[Given information]:

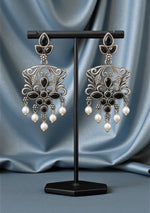 Midnight Pearl Elegance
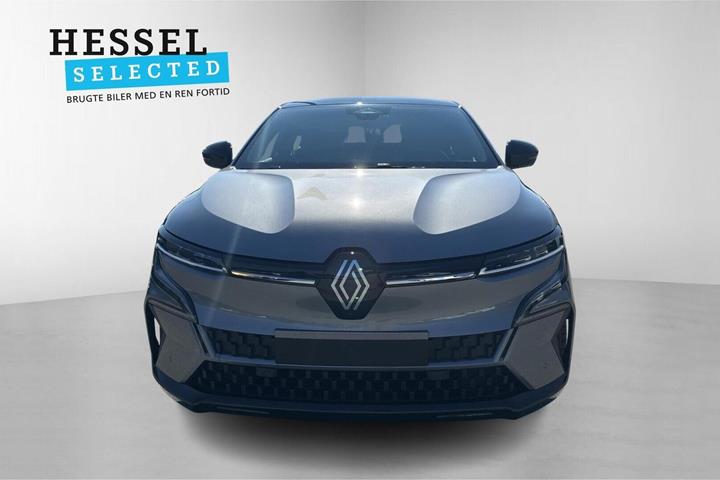 Grå Renault Megane E-Tech fra 2023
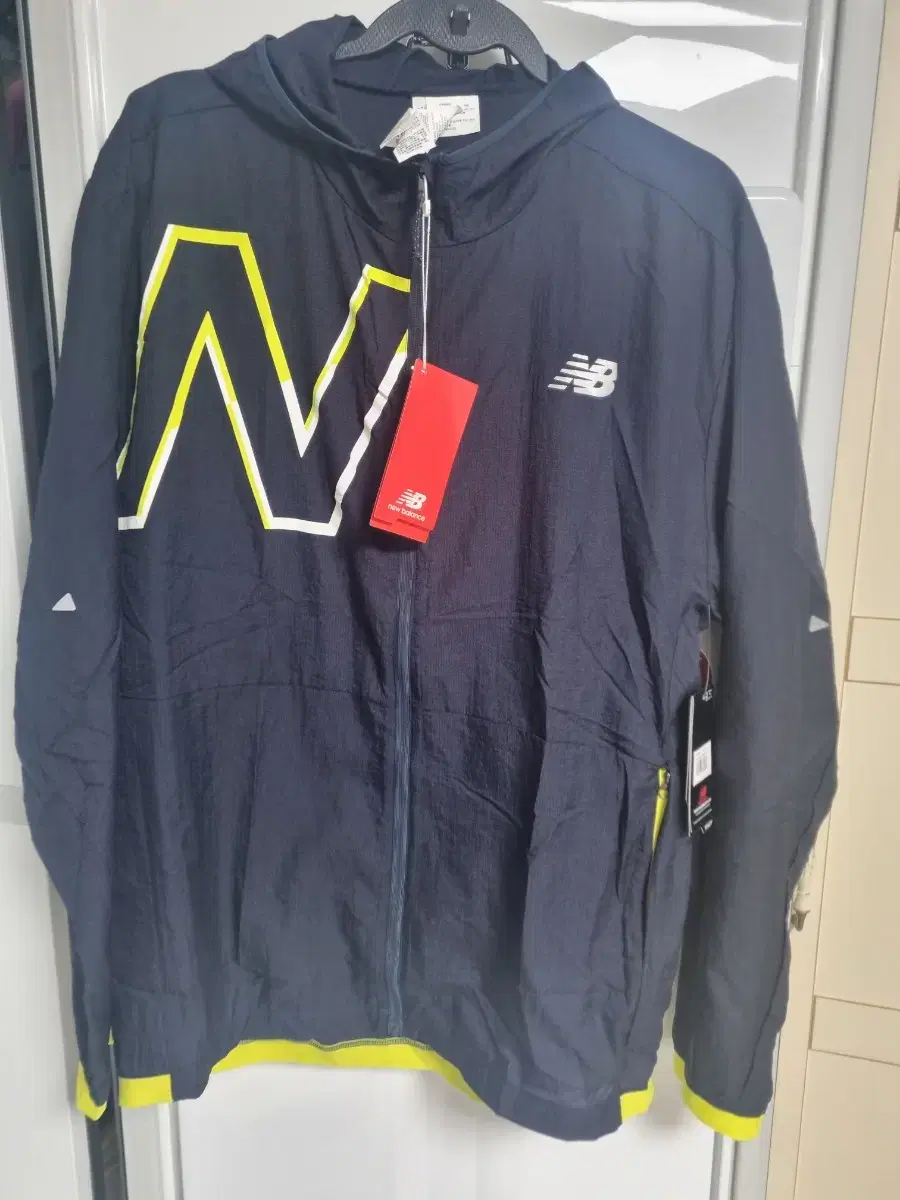 (XL) New Balance Impact Lightweight Jacket Windrunner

[Assignment]:
Exact transcription of the full listing above is required; images do not belong in it.

[Reply to the task]:
 Midnight Pearl Elegance
 Grå Renault Megane E-Tech fra 2023
 (XL) New Balance Impact Lightweight Jacket Windrunner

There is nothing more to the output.